Studio album by Belbury Poly
- Released: 27 May 2016
- Genre: Electronic music Experimental music Krautrock
- Label: Ghost Box Music GBX024

Belbury Poly chronology
| The Belbury Tales (2012) | New Ways Out (2016) |  |

= New Ways Out =

New Ways Out is a 2016 album by Jim Jupp, under the pseudonym of Belbury Poly.
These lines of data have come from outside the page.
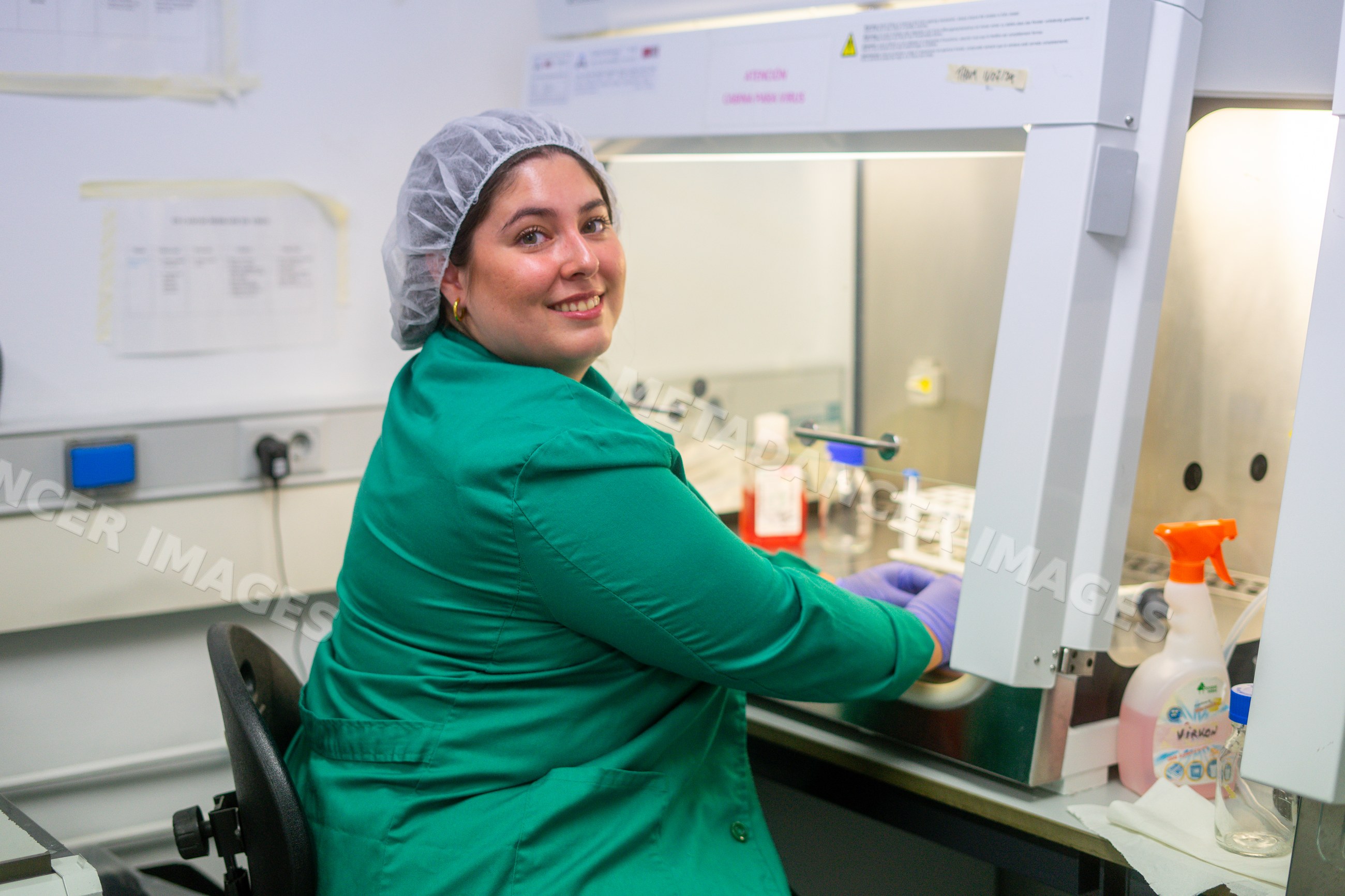 Hispanic woman working in biosafety cabinet in laboratory in Seville
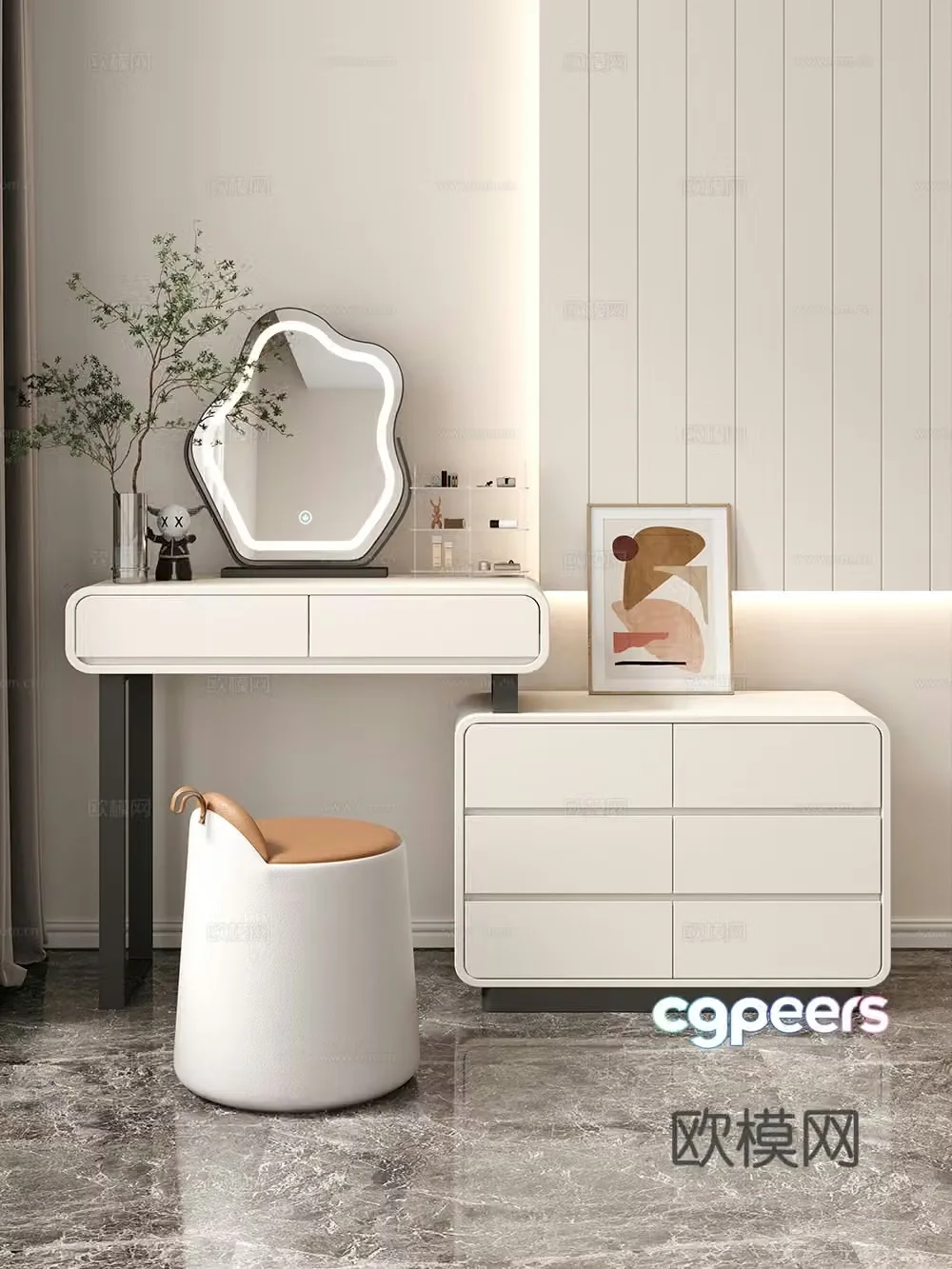 Cream style dressing table makeup stool combination dressing table makeup stool mirror decoration hanging painting 3D model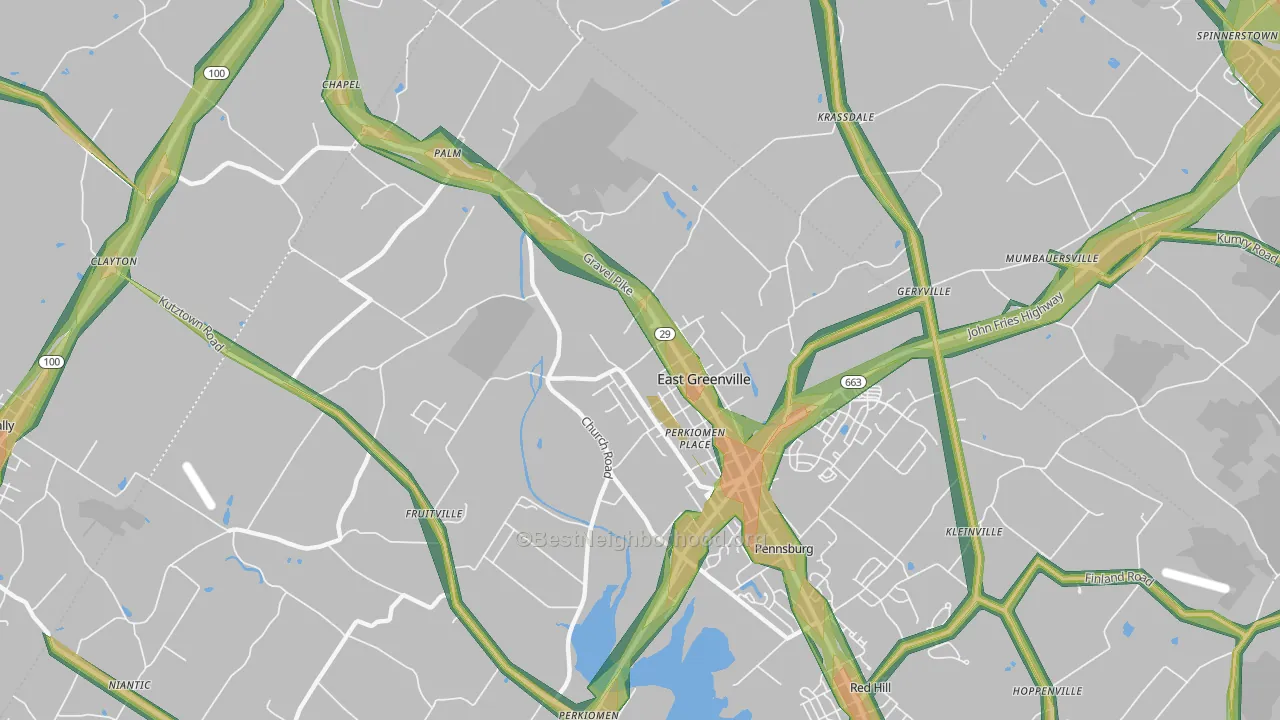 18041, PA Map of Noise Levels in 18041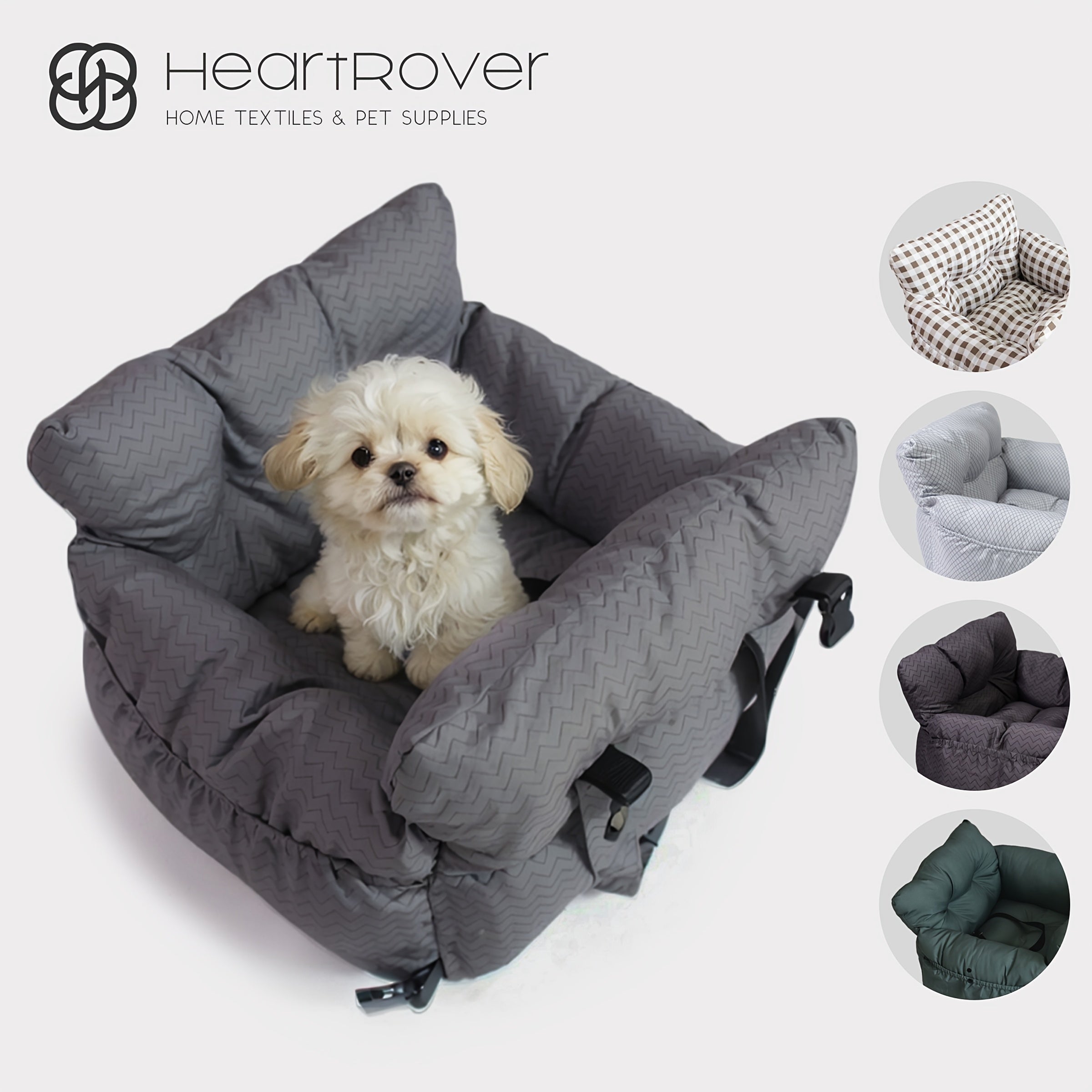 Dog Carrier Car Seat for Dogs & Cats - Portable Warm Travel Pet Bed with Safety Hook & Buckle, Handheld/Shoulder Strap, Fits Car Front/Back Seat, Suitable for Fall/Winter, Christmas Gift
It was scheduled to be released on 27 May 2016 by independent record label Ghost Box Music on CD, online download, and 12" vinyl record.

==Accolades==

| Publication | Accolade | Year | Rank |
|---|---|---|---|
| Rough Trade | Albums of the Year | 2016 | 94 |

== Track listing ==
=== 12" vinyl record ===

| No. | Title | Length |
|---|---|---|
| 1. | "These Ringing Hills" | 4:13 |
| 2. | "Starhazy" | 4:37 |
| 3. | "The Elsewhere Shuffle" | 4:39 |
| 4. | "The New Harmony" | 8:51 |
| 5. | "Hey Now Here He Comes" | 3:43 |
| 6. | "The Green Scene" | 3:40 |
| 7. | "Water Wheel" | 3:57 |
| 8. | "Downstream" | 4:15 |
| 9. | "Old Ways In" | 5:54 |
| 10. | "Playground Gateway" | 1:58 |

=== CD release ===

| No. | Title | Length |
|---|---|---|
| 1. | "These Ringing Hills" | 4:13 |
| 2. | "Starhazy" | 4:37 |
| 3. | "The Elsewhere Shuffle" | 4:39 |
| 4. | "The New Harmony" | 8:51 |
| 5. | "Hey Now Here He Comes" | 3:43 |
| 6. | "The Green Scene" | 3:40 |
| 7. | "Water Wheel" | 3:57 |
| 8. | "Downstream" | 4:15 |
| 9. | "Old Ways In" | 5:54 |
| 10. | "All in Good Time" | 3:56 |
| 11. | "Playground Gateway" | 1:58 |

== Reception ==
DJ Food described the album "Autobahn-era Kraftwerk meets Glitter Band glam stomp meets folk-tinged vocals and sunshine Sesame Street ‘ba-ba-bum’ singalong harmonies."